BUG: NaN gradient (VJP) from pt.log(pt.sigmoid(x)) for large x in JAX backend

### Describe the issue:

Summary
----------

`pt.log(pt.sigmoid(x))` produces a correct forward value but a NaN gradient
(reverse-mode / VJP) when x is large and positive (>~ 800 in float64). The
forward-mode directional derivative (JVP) is correct. Pure `jax.nn.log_sigmoid`
gives the correct gradient at the same value.  The bug is in how PyTensor's JAX
backend compiles the Sigmoid + Log ops.

Root cause
----------
`jax.make_jaxpr` shows that PyTensor compiles `log(sigmoid(h))` as a
four-branch piecewise via nested `select_n` (i.e. `jnp.where`) calls.
One branch — intended for the range 18 ≤ -h < 33.3 — computes:

    q = exp(-j)   where j = neg(h)

When h = 820, j = -820 and -j = 820, so `q = exp(820) = +inf`.
This branch is *never selected* (because j = -820 satisfies j < -37,
selecting the first branch instead), so the forward pass is correct.

However, JAX evaluates the gradient of every `select_n` branch regardless
of the condition. The VJP of `exp(820)` is `g * exp(820) = 0 * inf = NaN`
(IEEE 754: 0 × ∞ is not-a-number). That NaN propagates back to the input.

The full piecewise JAXpr (both versions 2.31.7 and 3.0.7 produce the same):

    j  = neg(820 + x)          # j = -820
    k  = exp(j)                # branch 1: exp(-820) = 0          [selected]
    n  = log1p(exp(j))         # branch 2: log1p(0) = 0
    q  = exp(neg(j))           # branch 3: exp(820) = inf  ← overflows!
    r  = j + q                 # branch 3: -820 + inf = inf
    s  = select(j<33.3, r, j)  # selects r  (j<33.3 is True)
    t  = select(j<18,   n, s)  # selects n  (j<18   is True)
    u  = select(j<-37,  k, t)  # selects k  (j<-37  is True)
    out = neg(u)               # -0.0  ✓

    # Backward — all branch gradients computed:
    g_q = 0            (q not in selected path)
    g_p = g_q * exp(q) = 0 * exp(820) = 0 * inf = NaN  ← bug

Why forward-mode (JVP) is unaffected
-------------------------------------
JVP pushes tangents forward alongside primals; each op's tangent rule
involves only the *primal* values that were already computed (e.g.
jvp of exp(z) is t_z * exp(z)).  exp(820) = inf, but the tangent for
the unselected branch is zeroed out by the select_n tangent rule before
it multiplies by inf, so the inf does not propagate.  The VJP rule does
it in the opposite order: it multiplies before zeroing, hitting 0 * inf.

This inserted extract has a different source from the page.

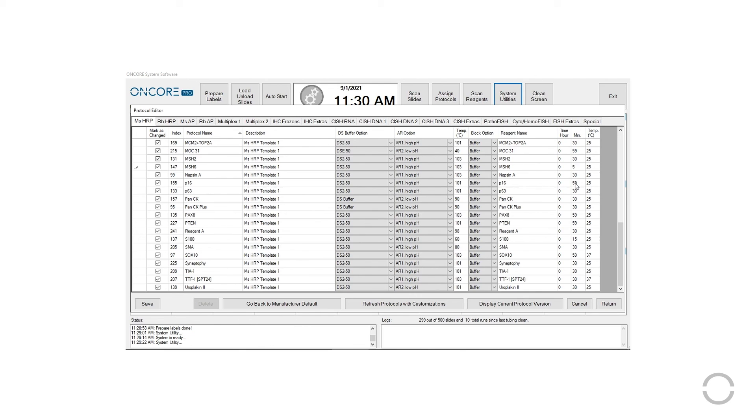When you are finished making changes, click Save and then Return to exit.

Why this is a PyTensor bug (not a fundamental JAX limitation)
--------------------------------------------------------------
`jax.nn.log_sigmoid` handles the same input correctly because JAX
registers a custom, numerically-stable VJP for it.  PyTensor could fix
this by dispatching:

    Sigmoid  →  jax.nn.sigmoid     (registered JAX primitive, stable VJP)
    Softplus →  jax.nn.softplus    (registered JAX primitive, stable VJP)

in its JAX Elemwise dispatch table, rather than inlining them as raw
arithmetic ops.  The same NaN-in-unselected-branch problem will affect
any PyTensor piecewise formula whose unselected branches contain exp of
a large positive argument.

Workaround (user-side)
-----------------------
Clip the argument before passing it to log(sigmoid(.)):

    # exp(700) ~ 1e304, finite in float64; avoids overflow in all VJP branches
    arg_safe = pt.minimum(arg, 700.0)
    pt.log(pt.sigmoid(arg_safe))

This is semantically correct: when arg >> 0 the function value is already
~0 and the gradient is already ~0, so capping at 700 changes nothing
observable while preventing the overflow.

Expected behavior
-----------------
`jax.grad` of any PyTensor function that is smooth and mathematically
well-defined at the evaluation point should return a finite gradient,
matching the result of `jax.jvp` (forward-mode) and finite differences.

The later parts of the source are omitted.